Уже написав это письмо, решил окончательно свою поездку в Пензенскую губернию для осмотра имения, которое я намерен купить в тамошней глуши. Я еду завтра, 31-го, и вернусь около 13-го. Вас же жду к себе и прошу вместе с женой к ее именинам, т. е. приехать 15-го и пробыть у нас, по крайней мере, дня три".

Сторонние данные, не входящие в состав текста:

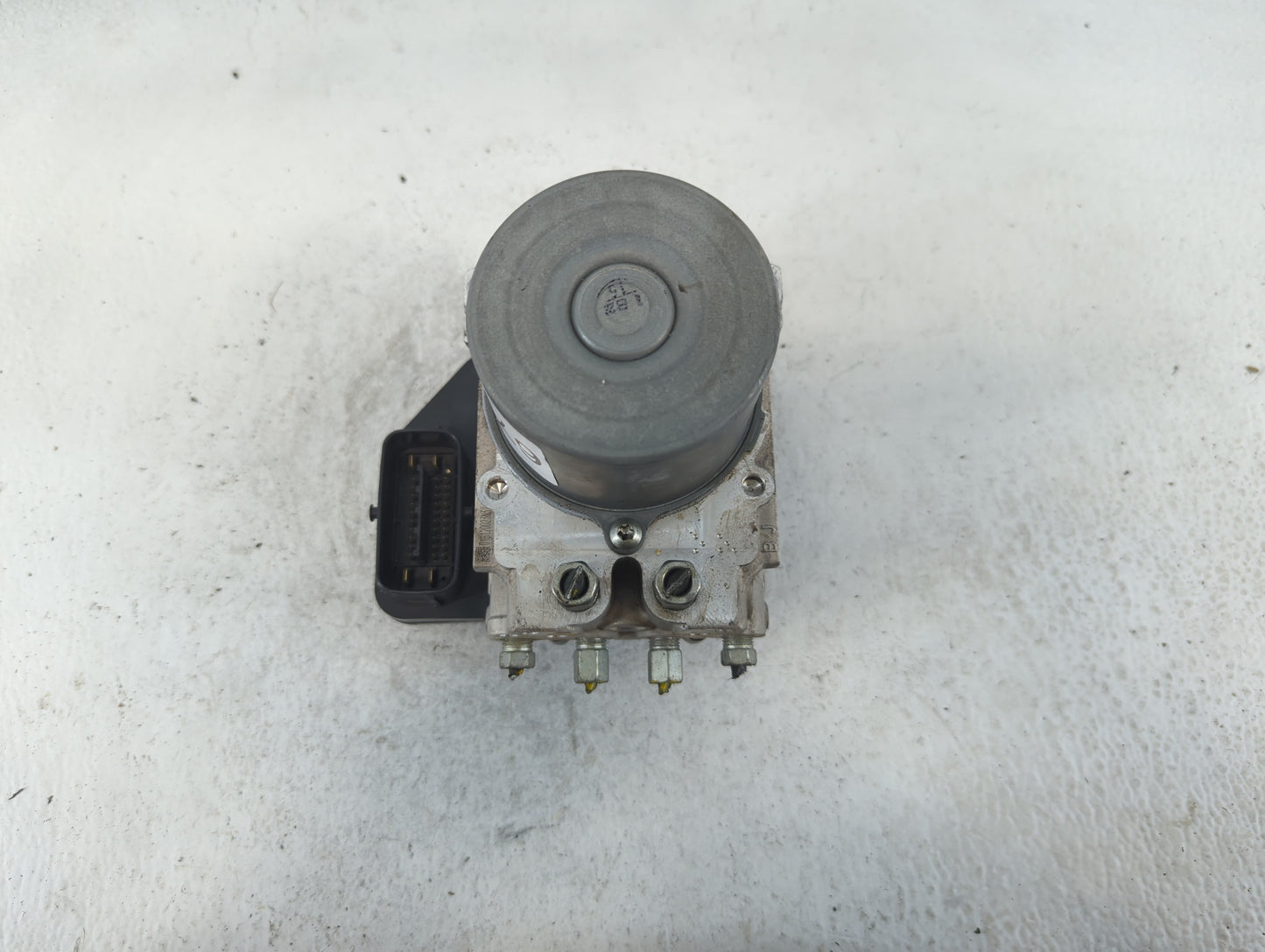 2018 Infiniti Q50 ABS Pump Control Module Replacement P/N:133230-7042 47660 4GU0A Fits OEM Used Auto Parts - Oemusedautopart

В эту поездку для осмотра пензенского имения, наивно описанную в воспоминаниях его слуги С. П. Арбузова, со Л. Н-чем произошел следующий эпизод, описанный им самим в письме к графине С. А.:
"Что с тобой и детьми? Не случилось ли что? Я второй день мучаюсь беспокойством. Третьего дня в ночь я ночевал в Арзамасе, и со мной было что-то необыкновенное. Было два часа ночи, я устал страшно, хотелось спать и ничего не болело. Но вдруг на меня напала тоска, страх, ужас, такие, каких я никогда не испытывал. Подробности этого чувства я тебе расскажу впоследствии, но подобного мучительного чувства я никогда не испытывал и никому не дай бог испытать. Я вскочил, велел закладывать. Пока закладывали, я заснул и проснулся здоровым. Вчера это чувство в гораздо меньшей степени возвратилось во время езды, но я был приготовлен и не поддавался ему, тем более, что оно и было слабее. Нынче чувствую себя здоровым и веселым, насколько могу быть без семьи. В эту поездку я в первый раз почувствовал, до какой степени сросся с тобой и с детьми. Я могу оставаться один в постоянных занятиях, как я бываю в Москве, но как теперь, без дела, я решительно чувствую, что не могу быть один" [Архив гр. С. А. Толстой.].